A cool breeze stirs the wind chimes hanging above the open door of the shed. The tin roof occasionally buckles with a popping sound in the day’s beginning heat. Overhead a fly buzzes. The gardener is motionless. He rests from his morning labors.

Gardens are solitary and proprietary creations. They yield clues to a gardener’s visions. They’re as much an art as a science. New gardens, like children, appear wild and sparse, haphazard, without symmetry. Like fine art, the masterpiece is seen only in the eyes of the gardener. But beginnings are never endings.

Time is a gardener’s friend. Nature counts time in seconds, not years. It’s one breath at a time. Anxiety is an unwelcomed guest in gardens. Labor is daily, nothing hurried, nothing rushed. Gentle snips with the pruning clipper treat the boxwoods tenderly. Progress is slow and imperceptible.
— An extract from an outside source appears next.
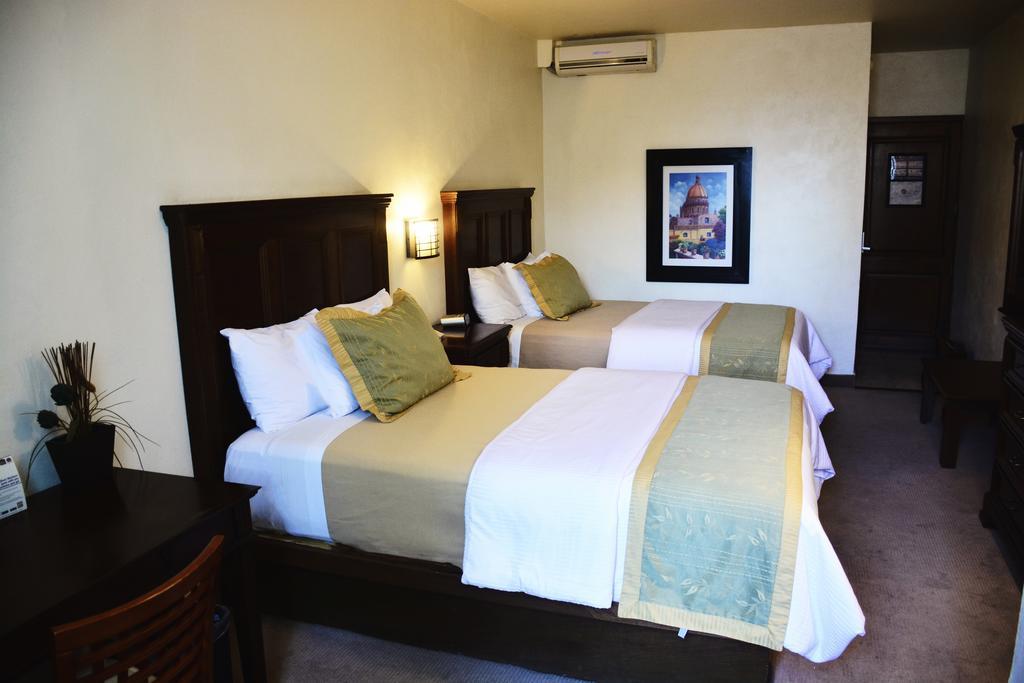 Hotel San Carlos Tequisquiapan Exteriör bild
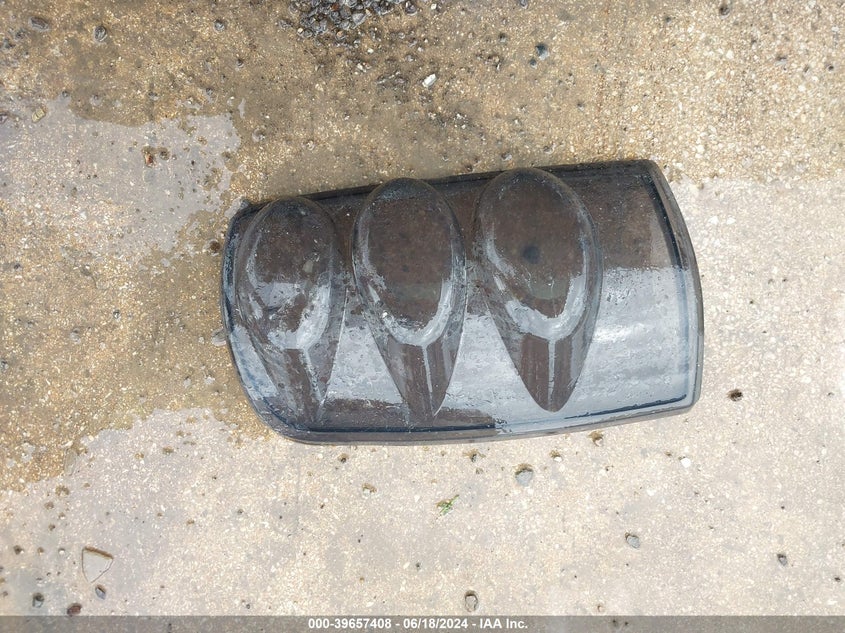 2002 Chevrolet Suburban 1500 Z71 VIN: 3GNFK16Z32G291471 Lot: 39657408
Gardens are the provenance of creatures, small and large. Deer nibble the roses, moles make subterranean trails. All have roles. Yonder gardener has shifted slightly on his bench. He seems to be watching the Whirling Butterfly plant, the guara.

Looking closely, you see a bee hanging from the tiny flower on the end of the guara’s long stalk. It rides the flower as in a rodeo while the wind twists and turns the tendril. It yields a Zen-like quality. The gardener seems untroubled with the concept. Perhaps he knows there’s a better way than Zen to achieve permanent nirvana.

A lone Monarch butterfly floats between the yellow lantana and the lavender garlic plants, indecisive with the abundance of choices. A tiny green lizard scurries up the stalk of the Jerusalem thorn tree, oblivious to the prickly thorns.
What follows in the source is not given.